Virgin Media to Cut 2,200 Jobs as Restructuring Bites

Published: 12 November 2008
Virgin Media plans to cut 2,200 U.K. jobs over the next two years, as it strives to achieve cost savings of £120 million (US$185 million) a year.

Global Insight Perspective

 

Significance

Virgin sees the job losses as necessary; however, the company may face some tough times ahead as consumer confidence falters and the global financial crisis bites.

Implications

The company's quad-play offering is showing strong performance against tough rivals such as BT and BSkyB, but Virgin Media's debt continues to overshadow its gains.

Outlook

Global Insight believes Virgin may struggle to keep up with rivals in terms of key broadband infrastructure investment, forcing it to rely increasingly on leasing, representing a loss of valuable revenue and network control.

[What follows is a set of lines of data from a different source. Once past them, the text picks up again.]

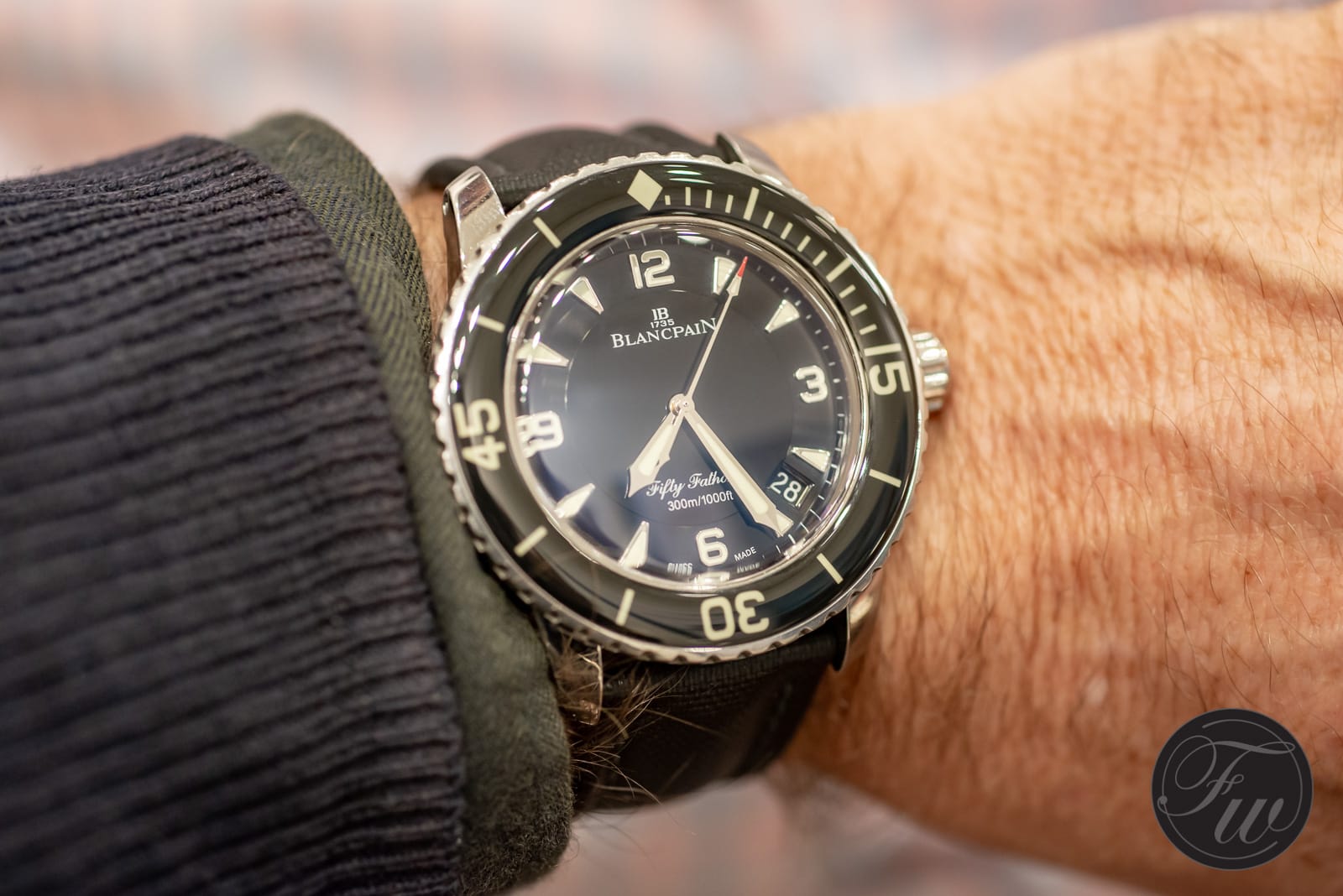 blancpain bathyscaphe vs rolex submariner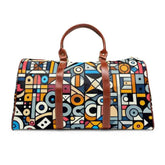 Area Travel Bags with Multicolored Geometric Patterns 20’’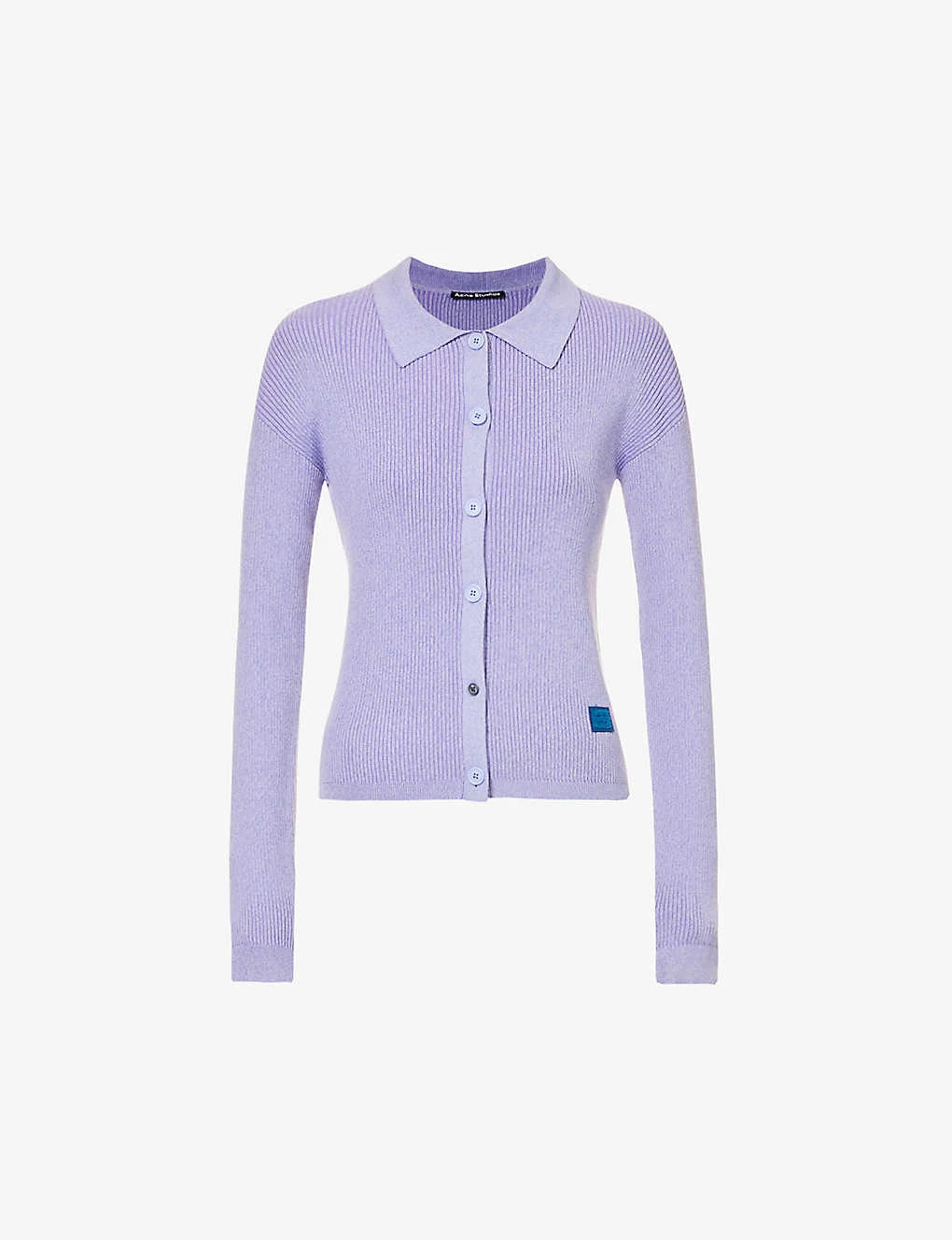 Acne Studios Keat Logo-patch Wool-blend Knitted Cardigan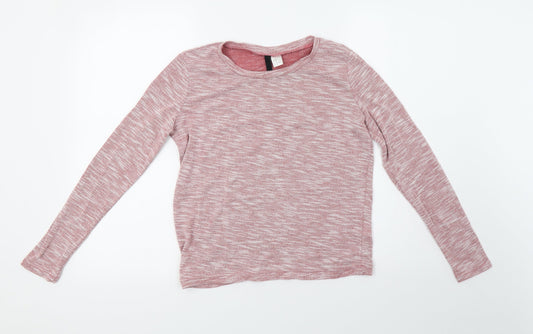 H&M Womens Pink   Pullover Sweatshirt Size XS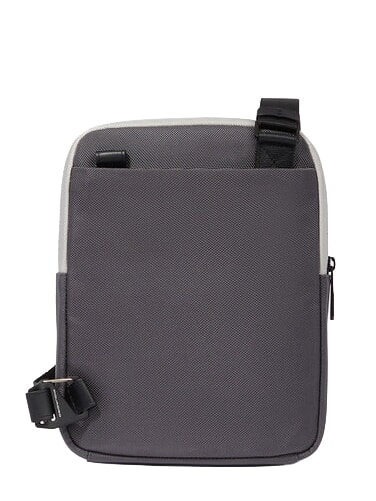 BRIEF 2 iPad-Tasche aus recyceltem Stoff Grau - Umh&auml;ngetaschen Herren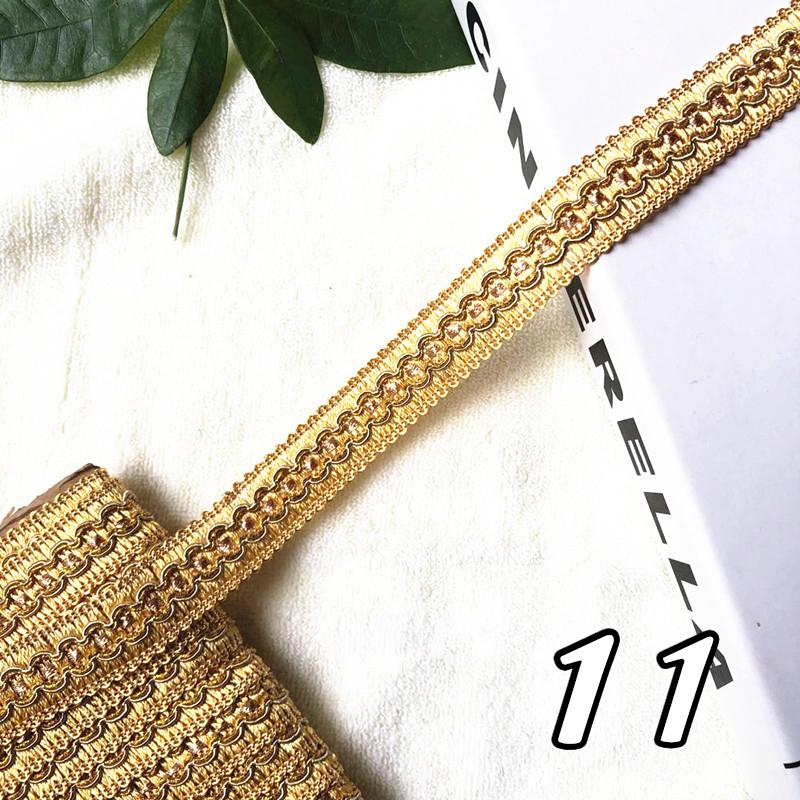 12 Metrów Koronka do Zasłon Frędzel 2 cm Szerokość Plecionka Wykończenie Krawędzi Wstążka do Szycia Krawędzi Poduszki Sofy Tapicerka Akcesoria DIY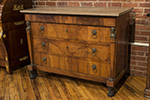french empire chest with marble top above four drawers with ormolu mounts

Virgin Media has announced plans to cut around 2,200 jobs in the United Kingdom by 2012, as it implements sweeping restructure plans. The cable operator said it would not start cutting jobs until the fourth quarter of 2009, with the majority of roles not being eliminated until the end of 2010. Virgin Media has not revealed in which departments or locations the job losses would occur, but said it would strive to avoid redundancies and offer staff alternative roles where possible. The company has 76 offices across the United Kingdom, with major sites in London, Edinburgh, Nottingham, and Sheffield.

Outlook and Implications

  • The Restructure Hits Home: Virgin hopes the job losses, which comprise around 15% of Virgin Media's workforce, will help it achieve annual cost savings of more than £120 million (US$184.9 million) a year by 2012. The company said it hoped the "critical" restructure would allow the group to compete effectively and deliver for changing customer needs. The job losses come as part of a group-wide overhaul, following a review in April made in the wake of the firm's formation by the merger of Telewest and ntl in 2006, and the later acquisition of Virgin Mobile—a merger which in itself led to the loss of 4,000 jobs (see United Kingdom: 8 February 2007: NTL Rebrands as Virgin Media). Although Virgin sees the job losses as necessary, the company may face some tough times ahead as consumer confidence falters and the global financial crisis bites.

  • A Fair Performance Crippled by the Yoke of Debt: Virgin Media recently reported that its third-quarter revenue had fallen 1.5% in 2008 compared to the same period in 2007 (see United Kingdom: 7 November 2008: Virgin Media Revenue Down; Loss Doubles on Currency Movements). However, Virgin Media has improved its performance in the face of fierce competition and the global economic downturn. The company's quad-play offering is showing strong performance against tough rivals such as BT and BSkyB, although Virgin Media's debt continues to overshadow its gains, with the company announcing it had secured an agreement to reschedule £4.3-billion-worth of debt until 2011 (see United Kingdom: 4 November 2008:Virgin Media Wins Approval for Debt Rescheduling).

  • The Competition Hots Up: Virgin Media has been coming under pressure on a number of fronts, including broadband, where key rival BT has been consolidating its position at the top, launching its own digital TV service, BT Vision. Virgin has also been losing ground to BSkyB, with the News Corp. company on the verge of acquiring Tiscali, a move which could see the News Corp. company leapfrog Virgin to number two in the U.K. broadband market (see United Kingdom: 3 November 2008: BSkyB in Talks to Buy Tiscali). The roll-out of next generation broadband networks (NGNs) in the United Kingdom now leads the agenda, with a recent report concluding that the operators must fund this (see United Kingdom: 15 September 2008: New Report Recommends Telcos Fund Next-Generation Broadband in U.K.). Crippled by debt, Global Insight believes Virgin may struggle to keep up with this level of infrastructure investment, meaning it may be forced to rely increasingly on leasing from other operators, representing a loss of valuable revenue and network control.